The result was that small insurance startups couldn’t keep up with the high claims and ran out of money, while larger insurers could cushion the blow.
Miltenberger said that the insurer has been able to stay stable because it built slowly.
“The folks who preceded me were very wise and made a point of not growing too quickly and didn’t become technically insolvent by outgrowing their capital,” said Miltenberger, who has helmed the insurer since May of this year.
But another key factor in the co-ops’ early struggles was the ineffectiveness of federal programs to help prop up insurers to help them adjust to the new Obamacare marketplace.
For instance, the program called risk adjustment forces insurers who have a healthy risk pool to pay the federal government, which in turn distributes those funds to insurers that have a sicker insurance risk pool.

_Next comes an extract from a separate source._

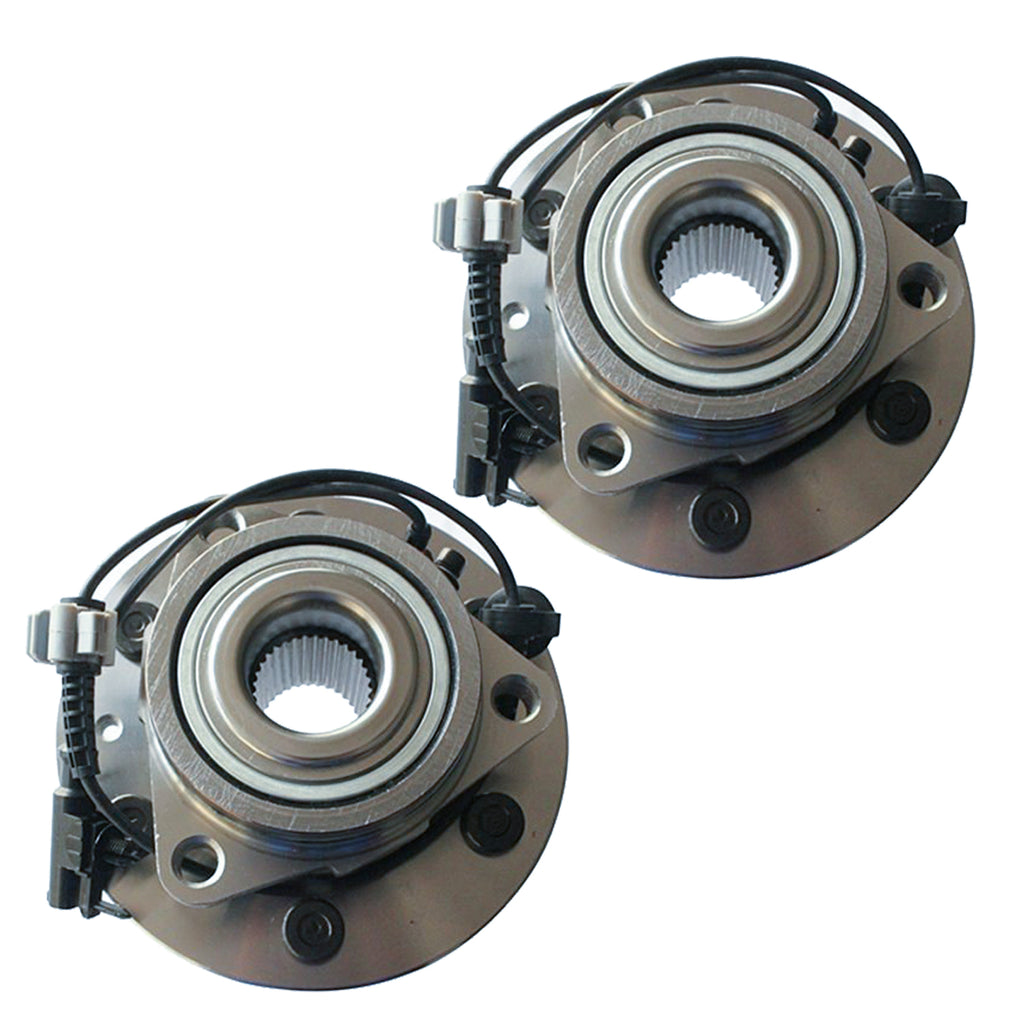 GSP Pair Front Wheel Hub Bearing Assembly For Cadillac Chevry GMC 4WD AWD 6 Stud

The goal is to spread around risk among Obamacare insurers.
However, New Mexico Health Connections has sued the federal government multiple times on the grounds that the formula used to determine payments into the program was flawed.
The co-op cited several other co-ops that shut down due in part to the risk-adjustment program. HealthyCT, a co-op based in Connecticut, shut down after having to pay $13 million in risk-adjustment payments in 2015, and the Illinois co-op Land of Lincoln Health had to pay $32 million in risk-adjustment payments.
Open enrollment for Obamacare starts on Nov. 1 and runs through Dec. 15 on healthcare.gov, which is used by 38 states for residents to buy Obamacare plans. The deadline for the end of open enrollment will vary among the remaining 12 state-run exchanges.